Why buildpack when you can docker?

and vice versa

There’s an ongoing healthy debate at drie about a buildpack driven platform vs. one that accepts Dockerfiles.

The appeal of Dockerfiles is hard to ignore. You get to set up your container how ever you want, any operating system, any packages, but we believe the reality, while useful in some situations, isn’t that simple. Often Dockerfiles are used by developers because it allows them to rapidly develop on and deploy their applications to the same consistent operating system environment but what’s forgotten is ongoing maintenance of said OS. Like any OS your Docker images need constant attention, security alerts for packages and the regular patching that inevitably follows, an upgrade path, the packages need to be tested for good integration, etc. For a lot of very smart people managing this is a full time job and so shouldn’t be taken on lightly. And all of this applies to every docker image you deploy, which potentially means as many images as you have applications. You might get to a good place fast with a Dockerfile but you can quickly end up in a bad place if the images aren’t regularly maintained. Tools like Docker Security Scanner are certainly a step in the right direction but even tools like this still need regular interaction to be effective.

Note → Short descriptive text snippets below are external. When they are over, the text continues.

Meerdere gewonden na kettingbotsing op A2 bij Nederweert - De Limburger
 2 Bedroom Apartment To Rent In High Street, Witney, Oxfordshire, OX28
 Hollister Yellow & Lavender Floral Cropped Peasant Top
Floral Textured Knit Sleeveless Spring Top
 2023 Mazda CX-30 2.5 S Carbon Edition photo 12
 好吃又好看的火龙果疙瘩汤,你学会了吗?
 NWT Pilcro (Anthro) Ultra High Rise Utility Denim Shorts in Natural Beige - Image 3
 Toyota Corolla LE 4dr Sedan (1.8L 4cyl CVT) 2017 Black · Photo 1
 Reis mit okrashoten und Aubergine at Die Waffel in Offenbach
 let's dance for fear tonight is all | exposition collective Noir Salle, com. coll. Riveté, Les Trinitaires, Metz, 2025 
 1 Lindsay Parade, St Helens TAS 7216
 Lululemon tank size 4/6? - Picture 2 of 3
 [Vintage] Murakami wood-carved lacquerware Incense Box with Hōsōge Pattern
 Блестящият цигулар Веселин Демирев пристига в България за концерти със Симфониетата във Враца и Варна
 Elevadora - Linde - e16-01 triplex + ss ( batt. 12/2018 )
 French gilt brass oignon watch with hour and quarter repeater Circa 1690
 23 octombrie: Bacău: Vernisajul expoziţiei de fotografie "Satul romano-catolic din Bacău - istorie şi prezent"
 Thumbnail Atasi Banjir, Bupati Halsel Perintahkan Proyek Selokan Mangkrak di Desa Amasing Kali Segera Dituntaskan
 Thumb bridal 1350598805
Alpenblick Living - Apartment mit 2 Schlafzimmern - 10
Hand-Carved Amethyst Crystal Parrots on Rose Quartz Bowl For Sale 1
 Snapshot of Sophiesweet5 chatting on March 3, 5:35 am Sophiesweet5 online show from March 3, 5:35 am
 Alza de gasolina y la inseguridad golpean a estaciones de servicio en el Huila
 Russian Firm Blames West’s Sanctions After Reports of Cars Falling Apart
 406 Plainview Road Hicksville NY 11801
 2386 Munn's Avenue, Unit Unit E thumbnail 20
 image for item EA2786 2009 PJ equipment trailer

Buildpacks are a good separation of concerns. You focus on your application. Build it well, build it fast, you’ve got this. Someone (or really someone’s) equally enthusiastic about the language and framework you’ve chosen to use as you are about your application has written a buildpack for you. They’ve built it well because they’ve spent all their time doing that one thing and it’ll be battle tested by thousands of other users like you. Lastly people again equally as enthusiastic about operations around an application platform as you are about your application have created a deployment pipeline, a patching schedule, alerting, monitoring, scaling, and they’ve done it well because that’s what they’ve focused all their efforts on. It’s separating these concerns like this and sharing lower layers with an increasingly larger audience that’s made Linux and open source in general such a successful enterprise. Standing on the shoulders of giants lets you be the best and fastest you can at the layer you’re good at. In almost all cases buildpacks mean you can work on your application exactly as you would on your laptop and everything “just works” when you deploy it.

Even tho we like the idea of buildpacks we do also understand that sometimes your use case is truly unique, those giants just haven’t built the thing you need, and so you have no choice but to maintain an operating system to solve a problem. Next year we will be working on supporting Dockerfiles for these unique use cases and we’re keen to hear your suggestions for mitigating the OS maintenance dilemma that comes with them.